However, one problem remained, I had no customers. The demo system cost me roughly $100 a month to run, which while not much money was a bit annoying when I had 0 users. This caused me to rethink how my setup was architected and if you’re skimming this article here’s where it gets good. My app really only needed to load quickly in very specific time windows. It was designed for restaurants which have very common hours of operation and predictable peak customer traffic periods. There was little reason my app needed to have low latency at say 4AM. This led me towards a new technology which I strongly believe the world will be using in the near future to further align their application delivery with user demand cycles in a predictable cost structure. This technology is called Cloud Run and is based on the open source Knative framework for serverless applications that Google has pioneered.
Cloud Run allowed me to wake up my container upon receiving a request via my sites URL. This container could then have a configurable lifespan that allowed it to stay up for a period of time without being used before it scaled back down to 0. No longer did I need to have something always running. The first request to my site after a period of inactivity may experience a few seconds of latency but after that subsequent requests would be responded to normally from the same container. If no requests came in over a specified interval the container would scale back down to 0. If the opposite occurred it would scale horizontally the same as if it was a regular Kubernetes deployment with horizontal auto scaling enabled. Using the hosted version of Cloud Run reduced my operating costs ~90% which was perfect for the bootstrap mode I was in.
It Gets Even More Interesting in Enterprise Environments
As a Product Manager in the Kubernetes space, and previously as a Sales Engineer in that same space for many years, I know that Lambda(or Cloud/Azure Functions) sprawl is a problem. Aside from the obvious CI/CD challenges a Lambda type pipeline creates there is the issue of unpredictable cost. Companies rarely know how much their serverless functions are going to cost them ahead of time and sometimes it may not be cheaper than the alternative depending upon the service. The solution for these problems is to deploy serverless applications, or containers, in Kubernetes clusters you are already paying for. This is the future of application delivery.

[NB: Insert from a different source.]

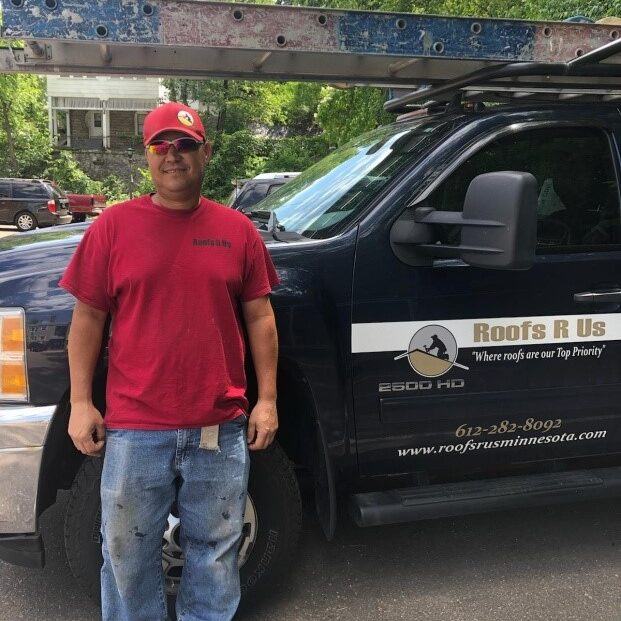 Juan Arostegui, Crew Lead at Roofs R Us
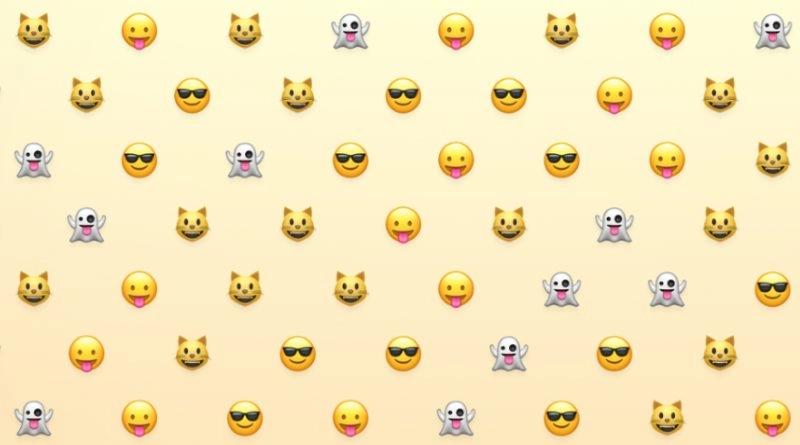 Fondo pantalla con tus emojis favoritos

Cloud Run can be executed in your GKE Kubernetes cluster. This means that you can bound the size of your Kubernetes cluster to fix your costs all the while making use of extra compute capacity within this cluster that you’re already paying for, with serverless applications, or functions, built with containers hosted in Cloud Run. Your Kubernetes deployment specs will be similar to what you have already been using now with benefit that when they are inactive the pods will scale to 0. You can wake these pods up via URL web hook or a message bus triggers with more methods under development.
Still Not Convinced?
Here are 3 takeaways:
- Cloud Run allows containers to scale to 0 meaning you can use your existing container based CI/CD pipelines and DevOps /DevSecOps toolsets to get started.

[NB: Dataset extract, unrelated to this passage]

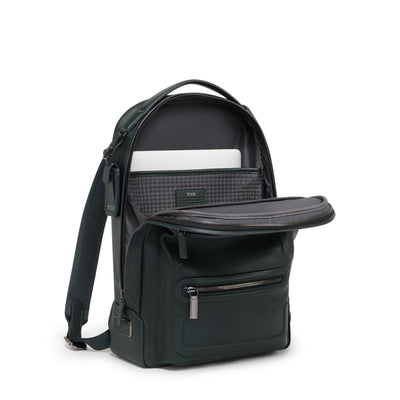 Tumi Harrison Bradner Backpack Deep Pine Bombe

- If you use Cloud Run in your own K8s cluster you can take advantage of existing capacity and governance not to mention charge back models.
- Cloud Run can be deployed in GKE on Prem, GCP, AWS, or Azure via Anthos giving you serverless capabilities in and out of the cloud.
- You can shift to a non-serverless paradigm in the same Kubernetes cluster without rearchitecting your app should your requirements change.
We are in a race to reduce the marginal cost of service delivery. Everything we are working towards has been to optimize and automate. The concept of turning off applications and waking them up when they are needed WITH a predictable and governed cost model, I feel, is the next phase of application delivery. Don’t let your delivery decision be your next legacy bottleneck.
Cloud Run is available as a managed service, or part of your GKE cluster on GCP or on AWS and Azure Q4 2021. If you are standardizing on Kubernetes, it’s time to standardize on a serverless application deployment framework.